▶ AIM OF THE TASK
No pictures, no extra lines: copy exactly from the line with "Balenbi Kadın Bisiklet" through the end of the entries.

Crawled caption data:
[Start of Attachment]

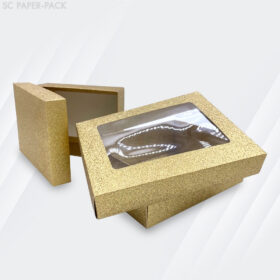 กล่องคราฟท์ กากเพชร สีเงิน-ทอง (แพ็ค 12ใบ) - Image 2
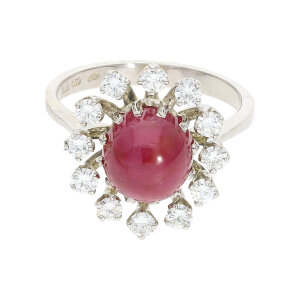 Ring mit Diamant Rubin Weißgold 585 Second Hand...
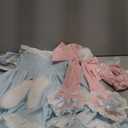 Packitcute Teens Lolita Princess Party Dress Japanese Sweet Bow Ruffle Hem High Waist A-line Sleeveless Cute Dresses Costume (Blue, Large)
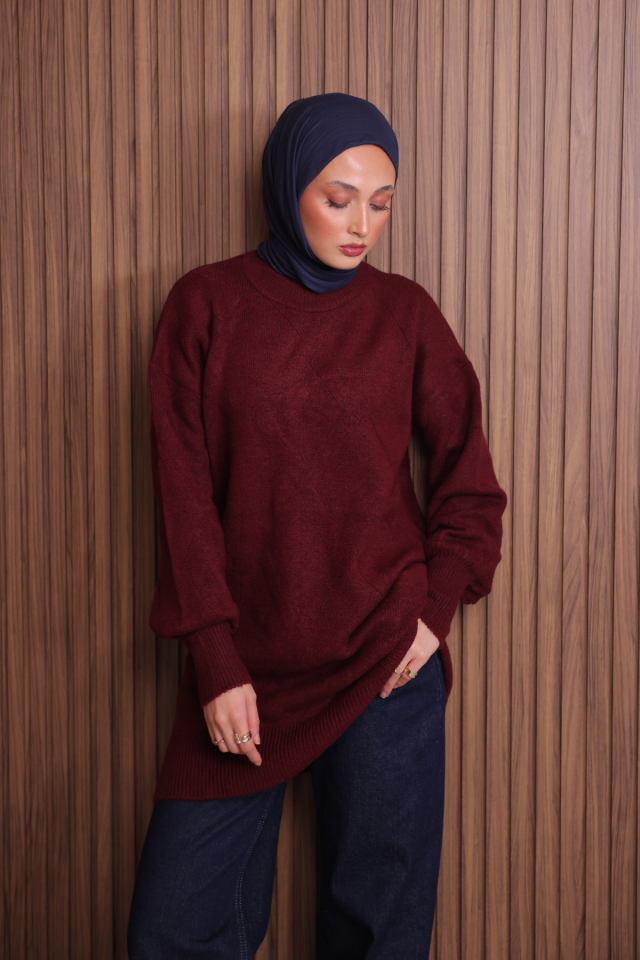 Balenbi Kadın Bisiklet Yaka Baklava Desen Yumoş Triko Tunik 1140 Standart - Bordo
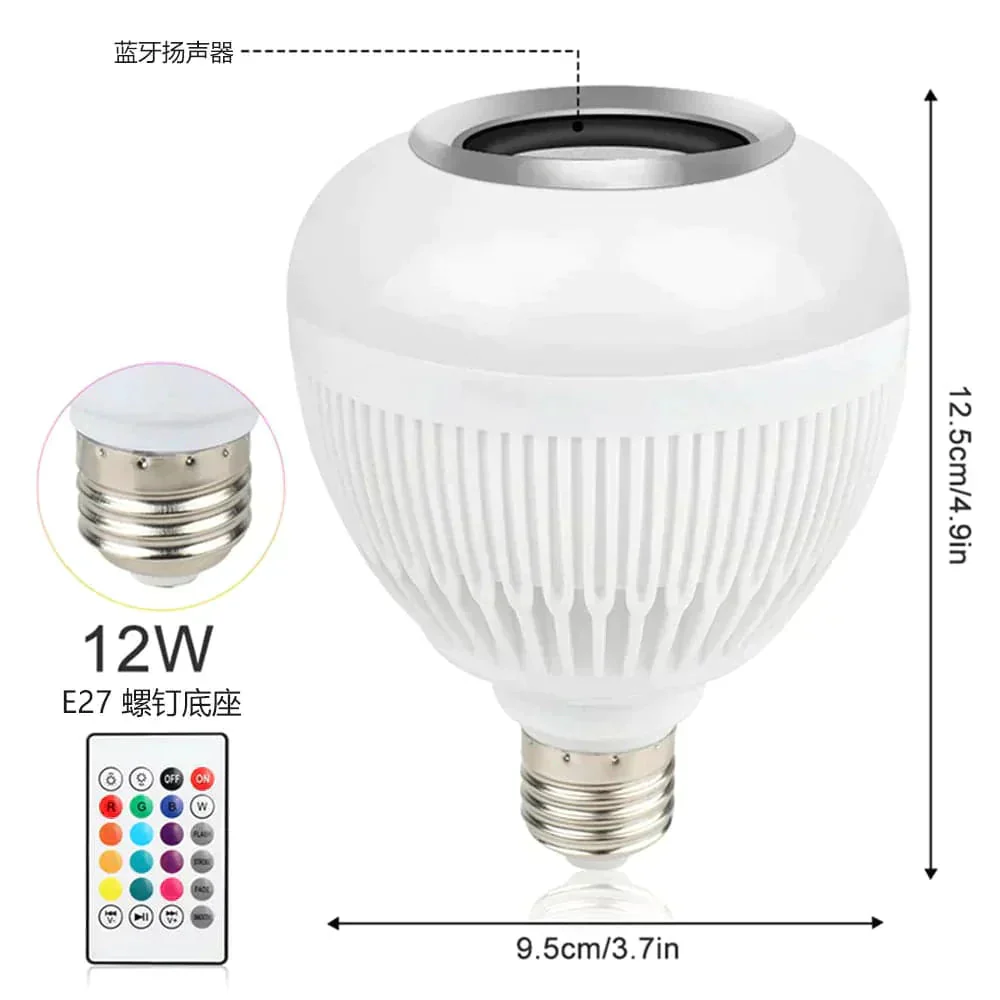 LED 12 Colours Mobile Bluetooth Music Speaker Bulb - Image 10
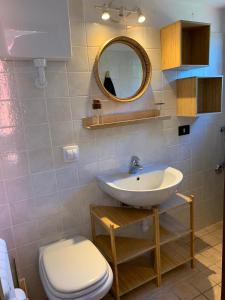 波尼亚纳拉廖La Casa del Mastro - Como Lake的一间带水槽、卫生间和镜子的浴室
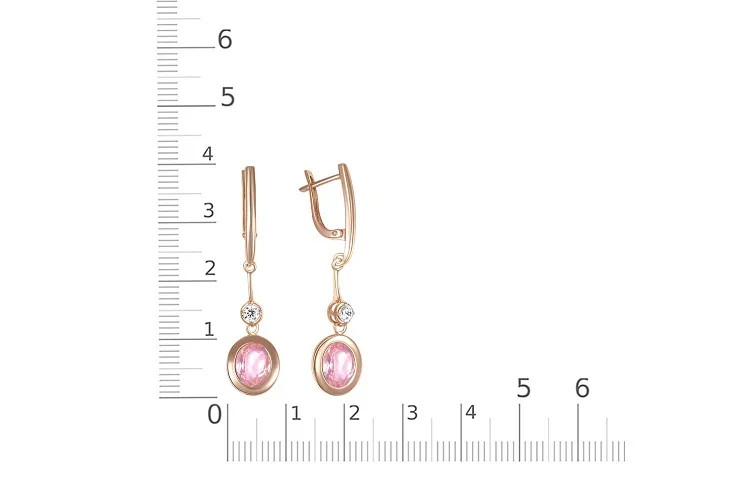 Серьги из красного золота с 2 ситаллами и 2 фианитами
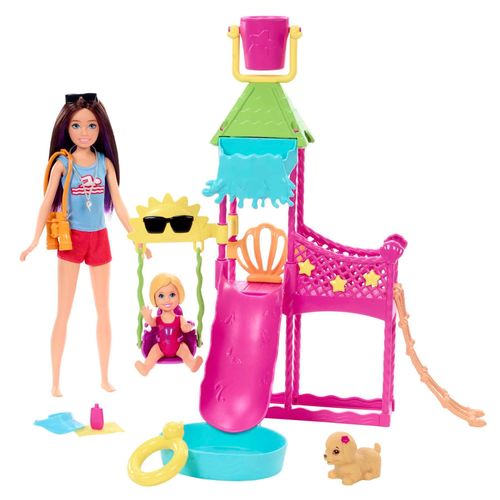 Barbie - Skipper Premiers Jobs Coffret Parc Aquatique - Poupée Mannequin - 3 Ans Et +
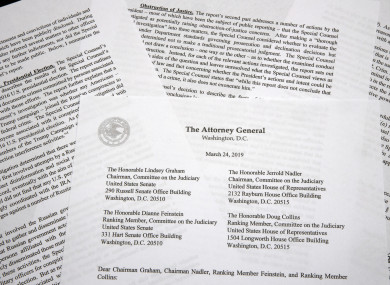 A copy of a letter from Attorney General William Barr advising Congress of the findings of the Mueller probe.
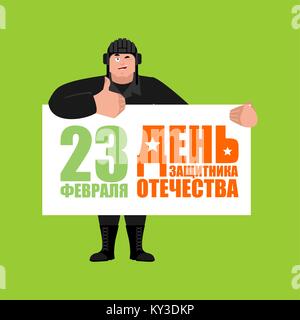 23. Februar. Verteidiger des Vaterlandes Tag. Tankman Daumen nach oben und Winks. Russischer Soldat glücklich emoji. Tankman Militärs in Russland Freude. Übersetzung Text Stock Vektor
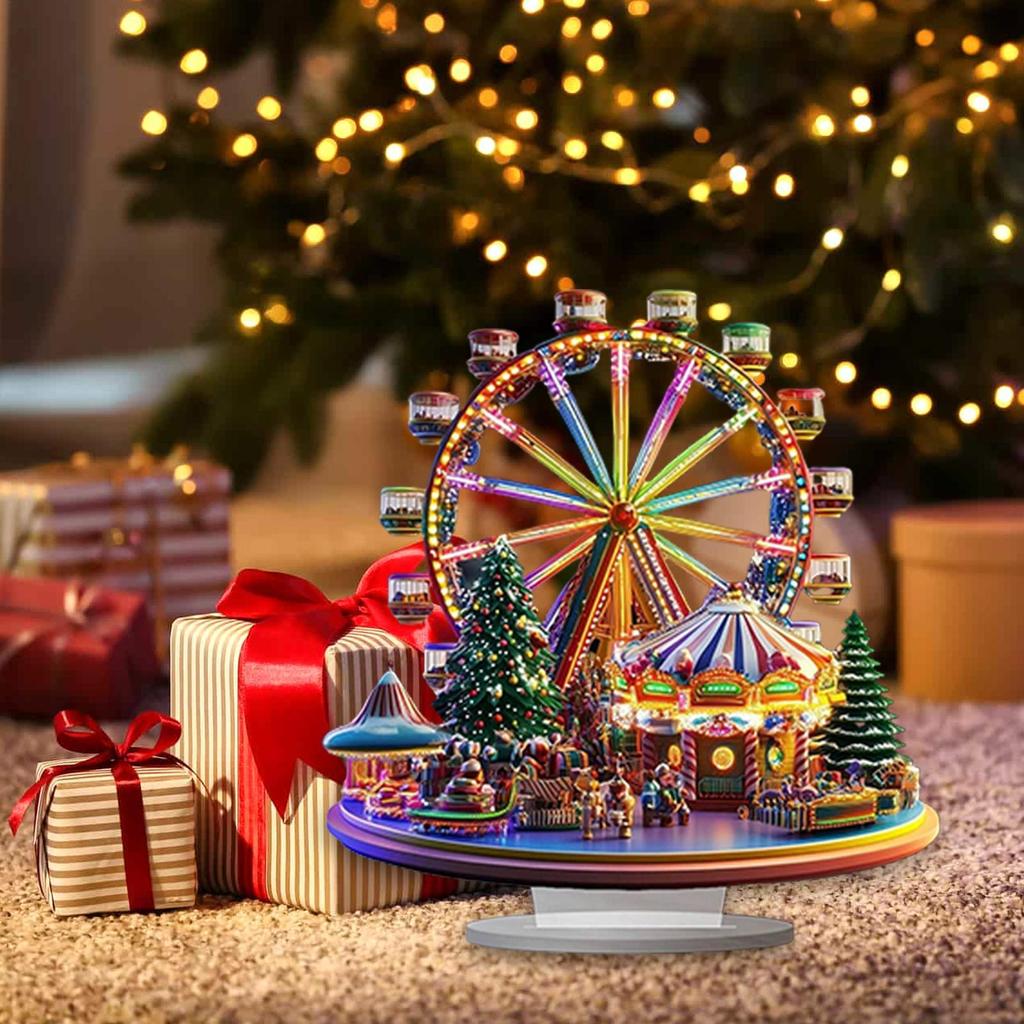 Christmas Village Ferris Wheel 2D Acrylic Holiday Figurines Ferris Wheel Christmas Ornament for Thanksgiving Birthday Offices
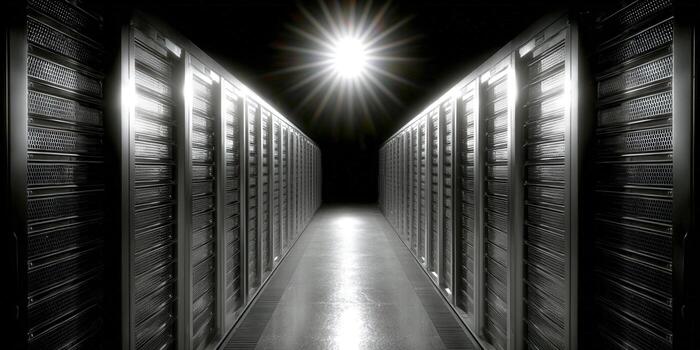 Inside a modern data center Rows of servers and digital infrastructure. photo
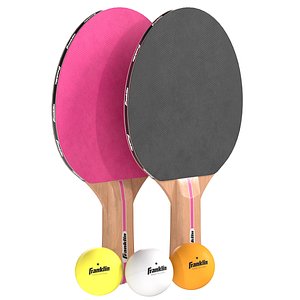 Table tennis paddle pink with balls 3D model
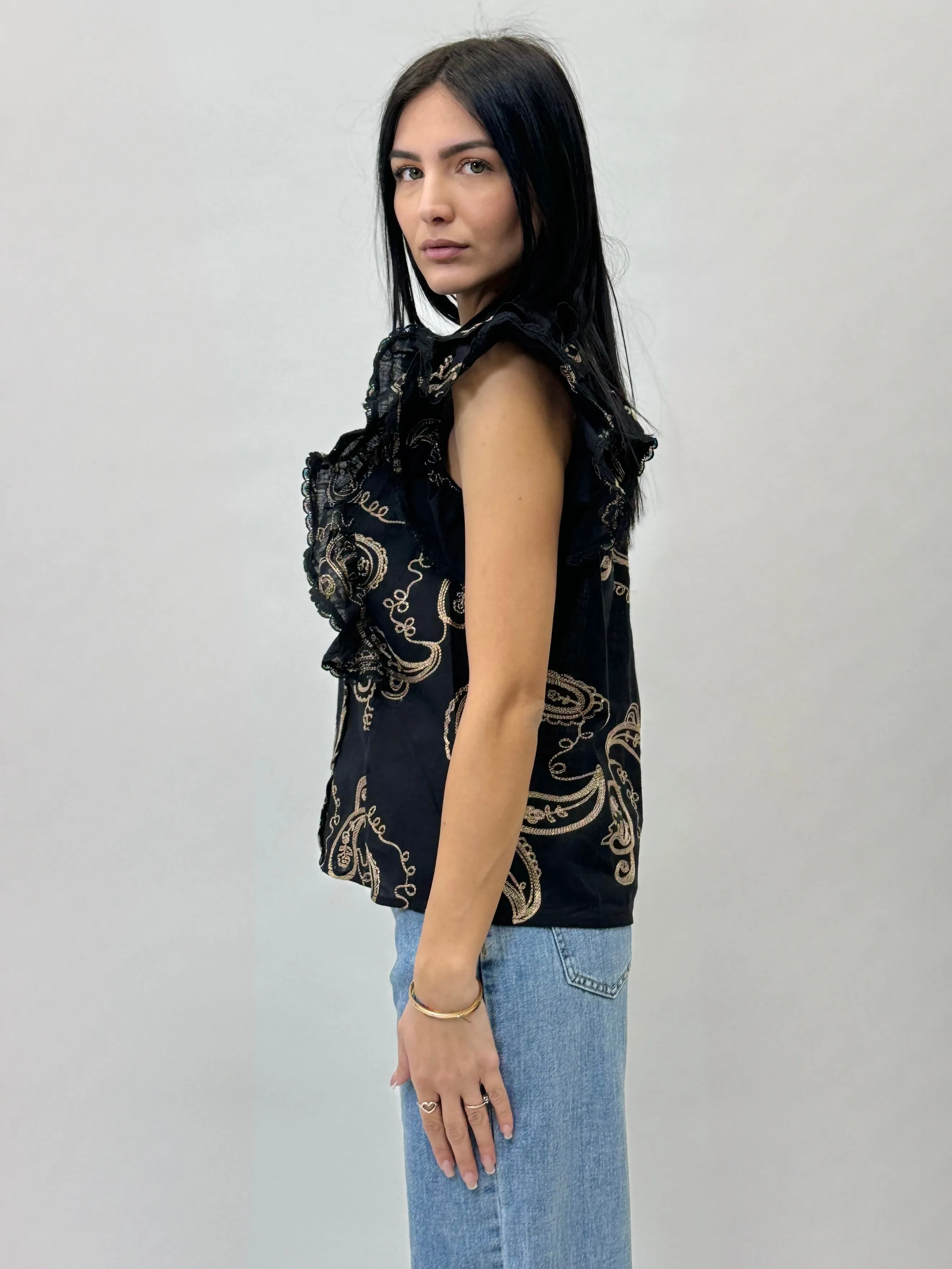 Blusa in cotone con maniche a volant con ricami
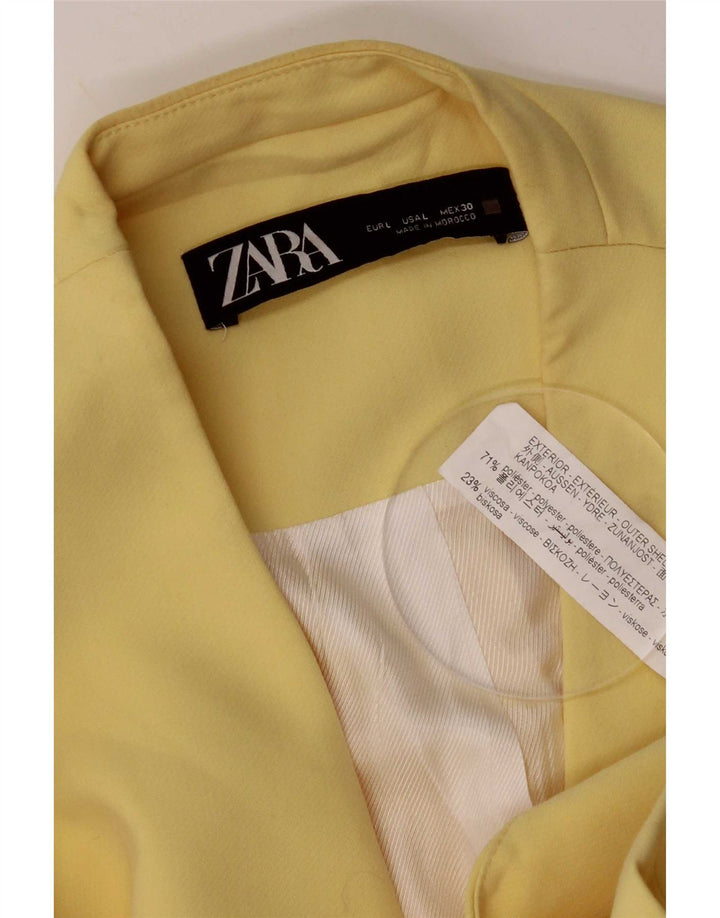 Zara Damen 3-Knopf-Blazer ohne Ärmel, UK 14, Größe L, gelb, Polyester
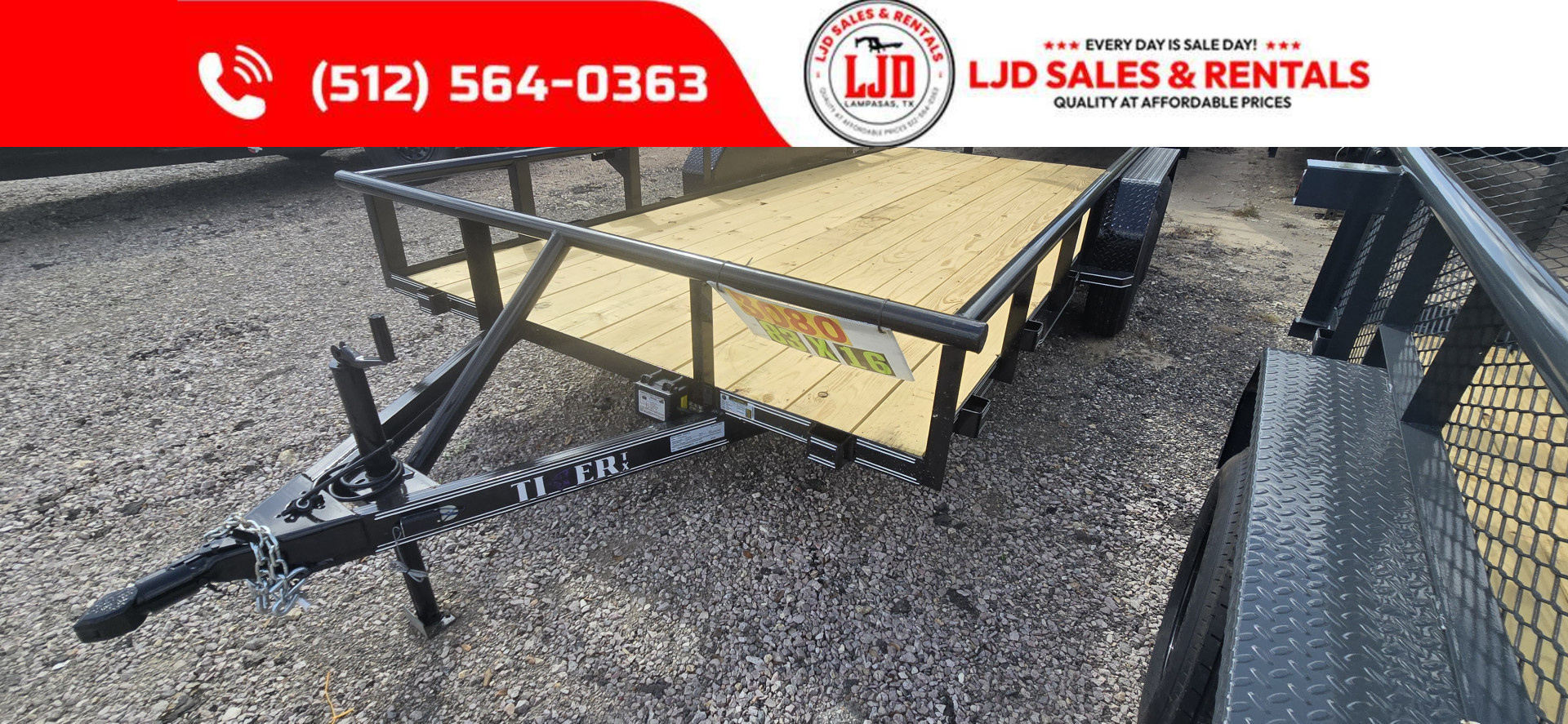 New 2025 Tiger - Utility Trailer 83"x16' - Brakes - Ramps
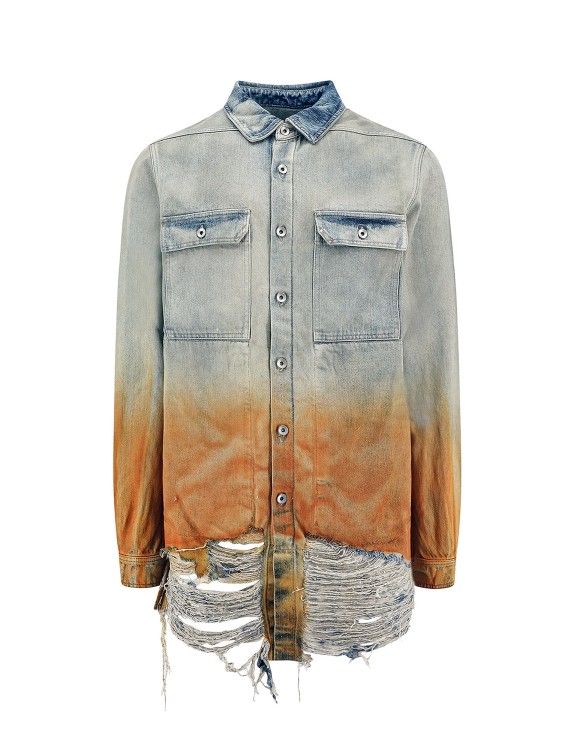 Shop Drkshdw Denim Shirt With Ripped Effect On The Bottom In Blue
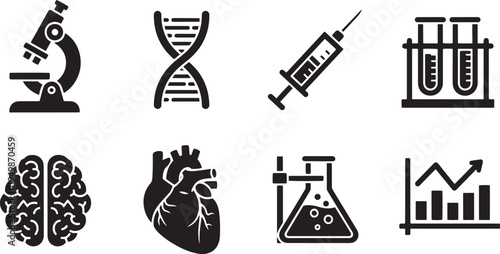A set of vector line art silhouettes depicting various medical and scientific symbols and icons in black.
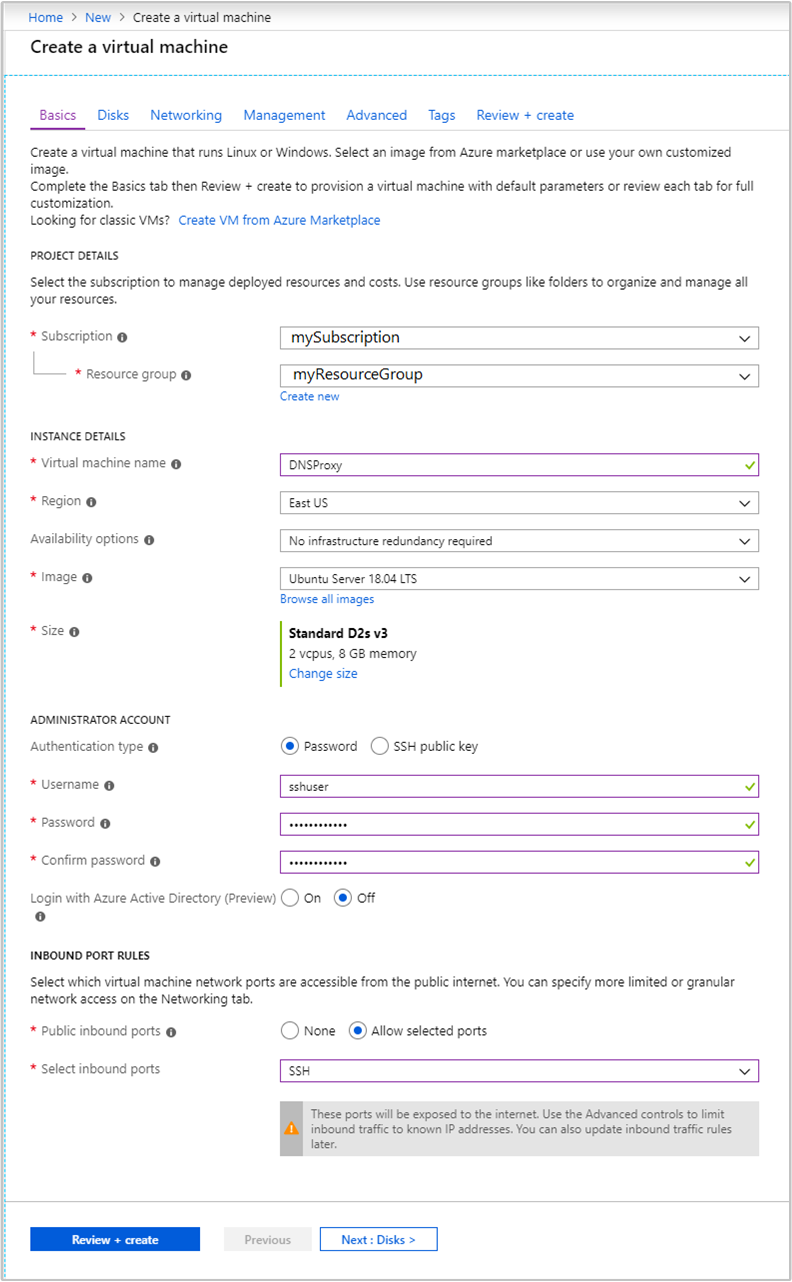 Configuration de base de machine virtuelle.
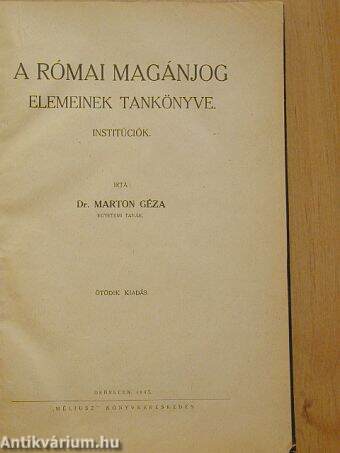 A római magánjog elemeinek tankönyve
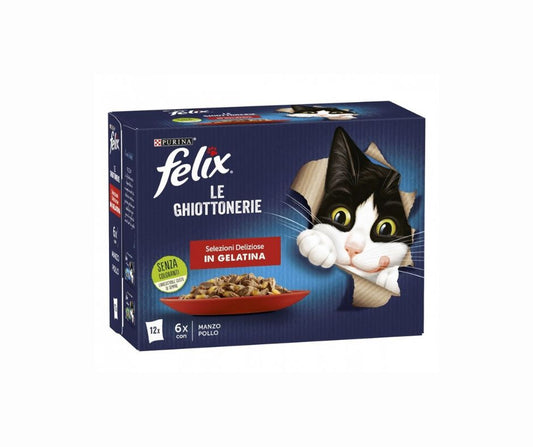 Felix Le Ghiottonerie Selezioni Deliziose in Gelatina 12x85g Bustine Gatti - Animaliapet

[End of Attachment]

▶ TASK SOLUTION
 Balenbi Kadın Bisiklet Yaka Baklava Desen Yumoş Triko Tunik 1140 Standart - Bordo
 LED 12 Colours Mobile Bluetooth Music Speaker Bulb - Image 10
 波尼亚纳拉廖La Casa del Mastro - Como Lake的一间带水槽、卫生间和镜子的浴室
 Серьги из красного золота с 2 ситаллами и 2 фианитами
 Barbie - Skipper Premiers Jobs Coffret Parc Aquatique - Poupée Mannequin - 3 Ans Et +
 A copy of a letter from Attorney General William Barr advising Congress of the findings of the Mueller probe.
 23. Februar. Verteidiger des Vaterlandes Tag. Tankman Daumen nach oben und Winks. Russischer Soldat glücklich emoji. Tankman Militärs in Russland Freude. Übersetzung Text Stock Vektor
 Christmas Village Ferris Wheel 2D Acrylic Holiday Figurines Ferris Wheel Christmas Ornament for Thanksgiving Birthday Offices
 Inside a modern data center Rows of servers and digital infrastructure. photo
 Table tennis paddle pink with balls 3D model
 Blusa in cotone con maniche a volant con ricami
 Zara Damen 3-Knopf-Blazer ohne Ärmel, UK 14, Größe L, gelb, Polyester
 New 2025 Tiger - Utility Trailer 83"x16' - Brakes - Ramps
 Shop Drkshdw Denim Shirt With Ripped Effect On The Bottom In Blue
A set of vector line art silhouettes depicting various medical and scientific symbols and icons in black.
 Configuration de base de machine virtuelle.
 A római magánjog elemeinek tankönyve
 Felix Le Ghiottonerie Selezioni Deliziose in Gelatina 12x85g Bustine Gatti - Animaliapet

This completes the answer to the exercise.